Hello
It is possible with the Schedule OCR activity in Workflow OCRed only the first page of document?
Thanks.
Hello
It is possible with the Schedule OCR activity in Workflow OCRed only the first page of document?
Thanks.
Not at this time.
Ok, thank you.
Depending on your environment and needs, you can OCR the first page of a document with a SDK Script activity, but you probably want it on a secondary Workflow server so it does not plug up your main production workflow.
In the SDK Script Activity, add a refference to the Laserfiche.DocumentServices. Then in the Imports section (top of code) add the Import Laserfiche.DocumentServices
Imports System Imports System.Collections.Generic Imports System.ComponentModel Imports System.Data Imports System.Data.SqlClient Imports System.Text Imports Laserfiche.DocumentServices Imports Laserfiche.RepositoryAccess Namespace WorkflowActivity.Scripting.SDKScript '''<summary> '''Provides one or more methods that can be run when the workflow scripting activity is performed. '''</summary> Public Class Script1 Inherits RAScriptClass102 '''<summary> '''This method is run when the activity is performed. '''</summary> Protected Overrides Sub Execute() 'Write your code here.
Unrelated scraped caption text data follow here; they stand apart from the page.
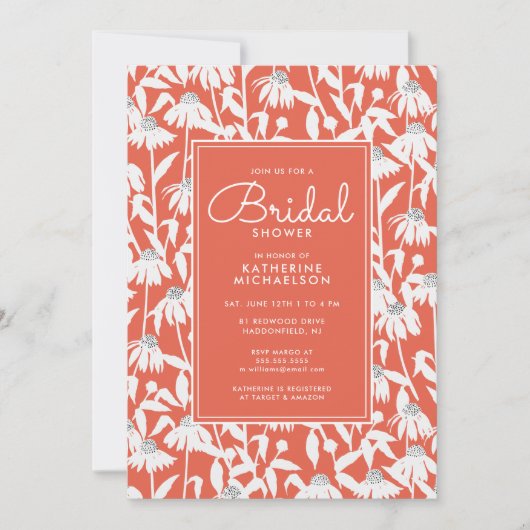 VRIJGEZELLENFEEST | Uitnodiging Oranje Daisy Garde (Voorkant)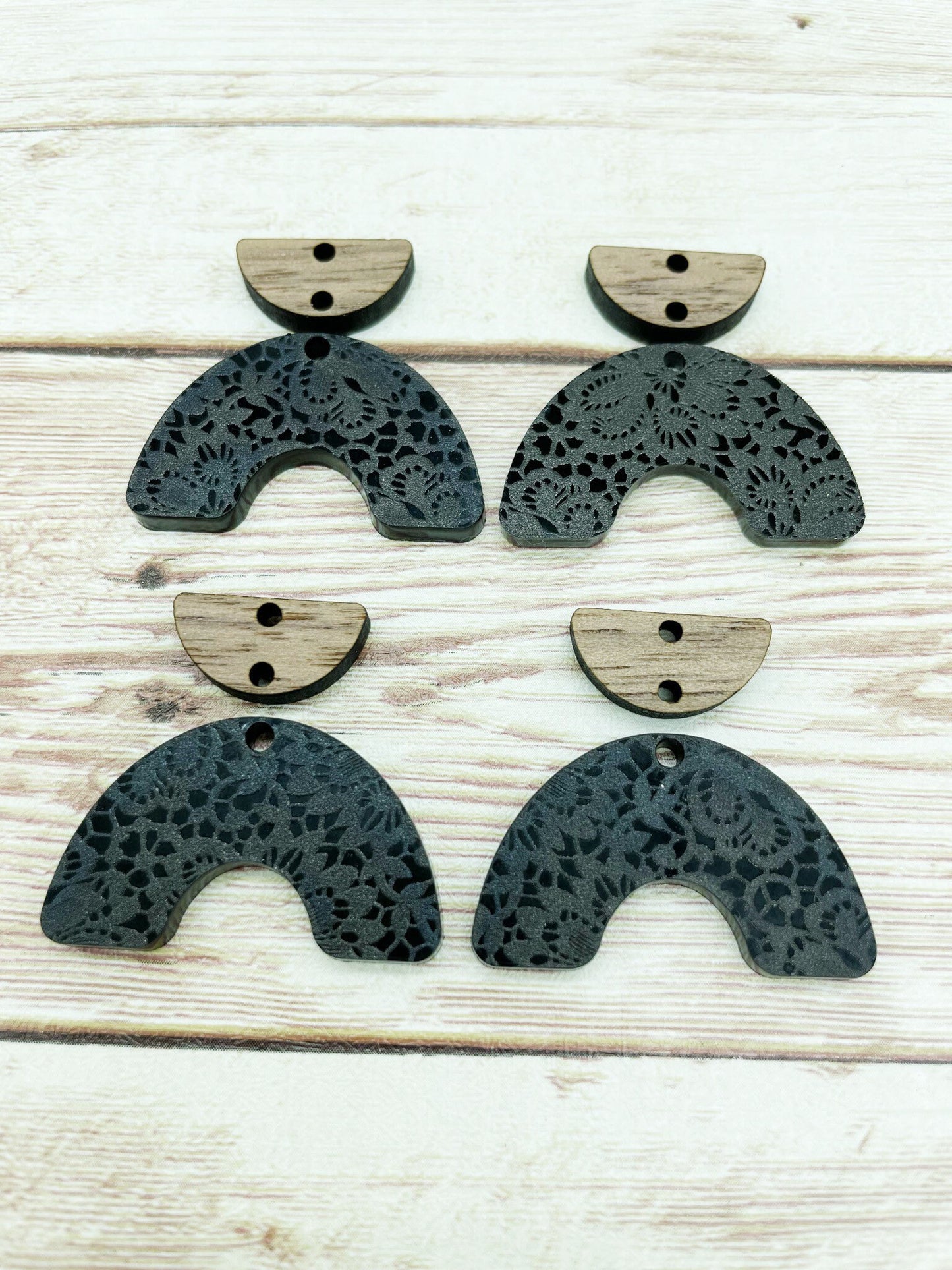 Patterned Acrylic and Wood Black Lace Arch Earring Blanks, DIY Jewelry Making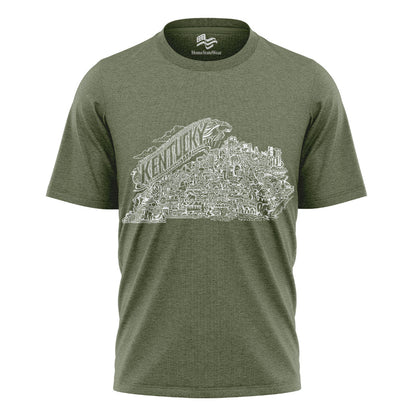 Grey Kentucky Map T-Shirt | Bluegrass State Pride Tee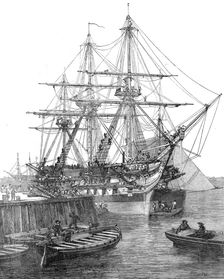 H.M. Screw Line-of-Battle Ship "Caesar", 90, at Portsmouth, 1854. Creator: Edward Duncan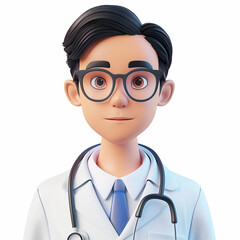 Doctor's face avatar simple 3D render, showcasing modern and realistic design. Illustration for medical and healthcare-related projects, young doctor avatar, telemedicine or virtual consultations.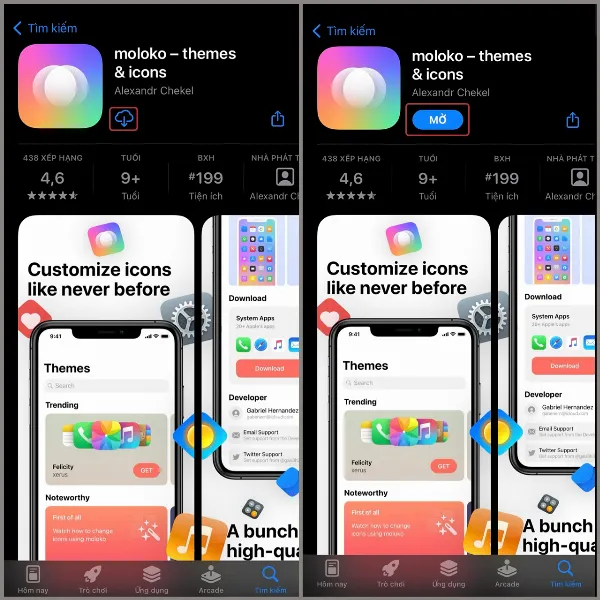 alt: Ảnh chụp màn hình điện thoại iPhone hiển thị giao diện App Store và kho ứng dụng Moloko đang được tải về, kèm theo biểu tượng của ứng dụng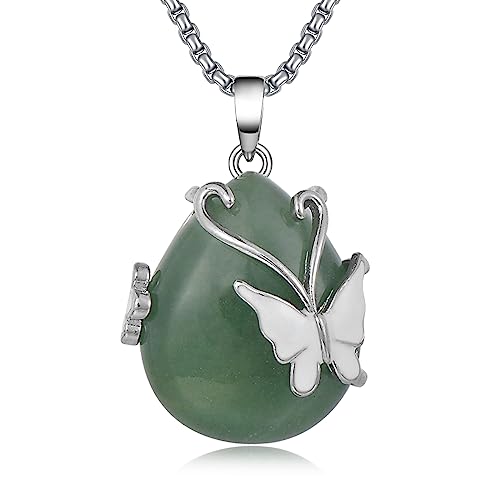 VIJASHOP Butterfly Necklace Pear Rose Quartz Pendant Gemstone Butterfly Jewelry Gifts for Women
The BoundEntryInfo property will access the entry, RASession will get the Repository Access session Dim sError As String = "None" Try ' Retrieves a document to be processed with OCR. If BoundEntryInfo.EntryType = EntryType.Document Then Using Doc As DocumentInfo = DirectCast(BoundEntryInfo, DocumentInfo) Doc.Lock(LockType.Exclusive) ' Instantiates a new OCR engine. Using ocr As OcrEngine = OcrEngine.LoadEngine() ' configure OCR options ocr.AutoOrient = True ocr.Decolumnize = True ocr.OptimizationMode = OcrOptimizationMode.Accuracy ' Generate text for page 1 of the given document Dim ps As PageSet = New PageSet() ps.AddPage(1) ocr.Run(Doc, ps) End Using ' unlock the document Doc.Unlock() End Using End If Catch ex As Exception sError = ex.Message WorkflowApi.TrackError(ex.Message) End Try SetTokenValue("Script_Error", sError) End Sub End Class End Namespace
Hello Bert,
Yes, I want to use a secondary Workflow Server with Distributed Computing Cluster.
Tanks for your answer.
Regards
Hi @Bert
Thanks for your script. I'm using it and it's working pretty well.
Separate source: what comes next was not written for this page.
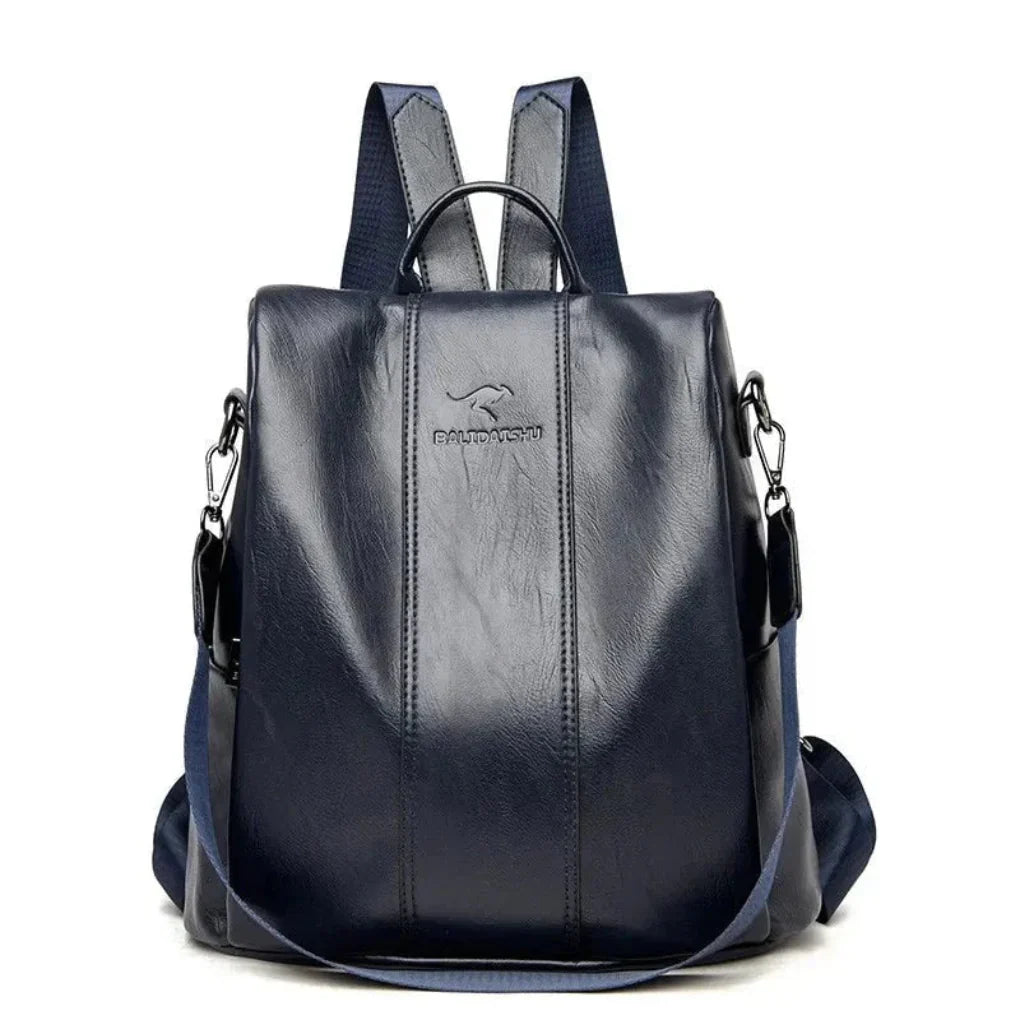 Women’s Anti-Theft Leather Backpack Convertible Design with Hidden Pockets for Travel & Daily Use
I have some troubles anyway.
Sometimes, the ocerization is done by line, and sometimes by column.
E.G :
Document :
Company : COPY-R
Firstname : Olivier
ocr by line :
Company : COPY-R
Firstname : Olivier
ocr by column :
Company : Firstname :
COPY-R Olivier
I'm using the pattern matching to get the values (based on the ocerization by line). Is it possible to force an ocerization by line instead by random or column?
Thanks in advance.
Regards
My guess is that on the source image, the labels and the values do not share a common bottom so that the OCR Engine sometimes puts them on separate lines.
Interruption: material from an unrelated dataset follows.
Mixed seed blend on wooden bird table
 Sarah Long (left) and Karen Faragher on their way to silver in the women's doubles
In the script, you can try changing the ocr.Decolumnize = True to False
Hi Bert,
Thanks for your return. Yeah, I thought about the same, but in my mind "Decolumnize = True" already means "not in column". I was disturbed.
Going to try False. Thanks a lot.
Regard
ocr.Decolumnize = True means remove extra white spacing that creates columns. So I do not think it will help. Again the issue is with the source not having the same line bottom accross the data in the line.
Hi Bert.
I have some trouble (another one) with the SDK to OCR my files.
It looks like the OCR have a limit.
I tried to OCR a pdf with 198 pages. Only the first 80 pages was ocerized.
I have this warning
The OCR engine does not OCR PDFs. It will only OCR Laserfiche images. Since you are saying that 80 pages were OCRed, I assume that you have already generated the pages.
There is no page limit on the OCR engine, so I would suggest going through a support case to try to figure out what the issue is.
The warning indicates that the script took too long and it exceeded the default 2 minute timeout. The value can be changed in the WF Server properties, but it will affect all scripts.
If the goal is to OCR (and/or generate pages from) PDFs, then this is the wrong thread and you don't need scripts. Use Distributed Computing Cluster 11 and the Schedule OCR/PDF Page Generation activity.
Thanks all for your returns.
@Miruna, what can be the bad effects if I change the timeout to more than 2 minutes?
Scripts may stay actively running longer, so your Workflow server would take longer going through these tasks. Under load, you may end up with a backlog in processing.